#### Your instructions:
In the records below, the part to copy starts at the line containing "Fractora - Before" and goes to the last line; output it exactly, without pictures.
───── Recorded information ─────
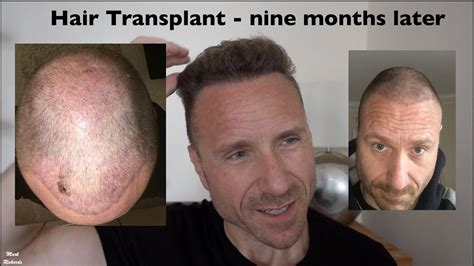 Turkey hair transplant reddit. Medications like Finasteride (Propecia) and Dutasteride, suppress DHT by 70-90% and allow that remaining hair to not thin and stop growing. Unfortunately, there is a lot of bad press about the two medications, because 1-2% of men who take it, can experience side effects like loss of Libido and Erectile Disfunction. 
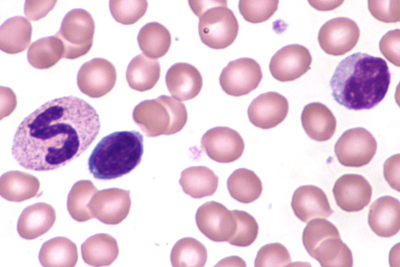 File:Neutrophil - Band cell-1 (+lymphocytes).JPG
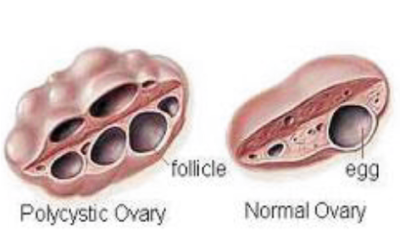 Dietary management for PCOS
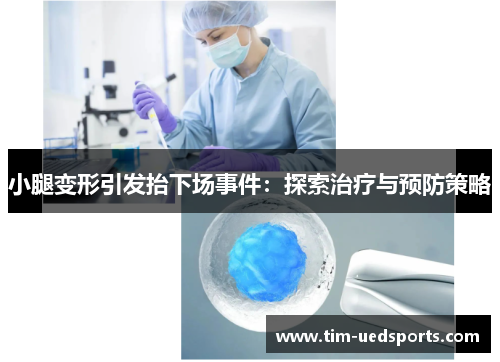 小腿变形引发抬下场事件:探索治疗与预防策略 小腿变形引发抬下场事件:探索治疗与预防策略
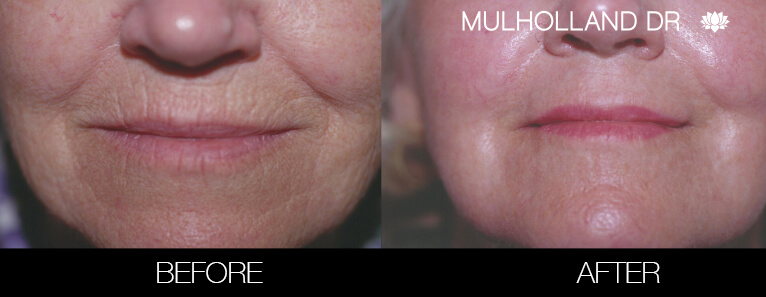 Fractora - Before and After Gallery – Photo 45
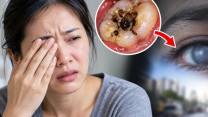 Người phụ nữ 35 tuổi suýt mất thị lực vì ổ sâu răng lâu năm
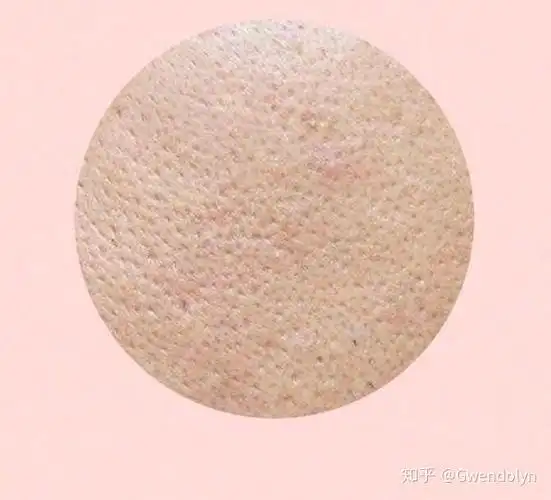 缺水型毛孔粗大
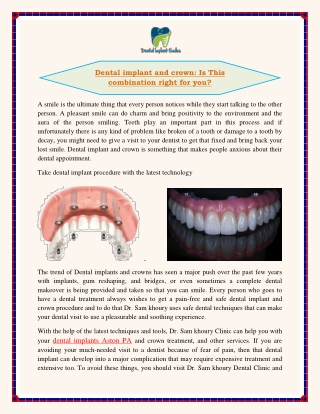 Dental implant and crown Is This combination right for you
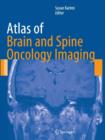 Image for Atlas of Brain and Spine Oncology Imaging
─────
#### Exercise output:
 Fractora - Before and After Gallery – Photo 45
 Người phụ nữ 35 tuổi suýt mất thị lực vì ổ sâu răng lâu năm
 缺水型毛孔粗大
 Dental implant and crown Is This combination right for you
 Image for Atlas of Brain and Spine Oncology Imaging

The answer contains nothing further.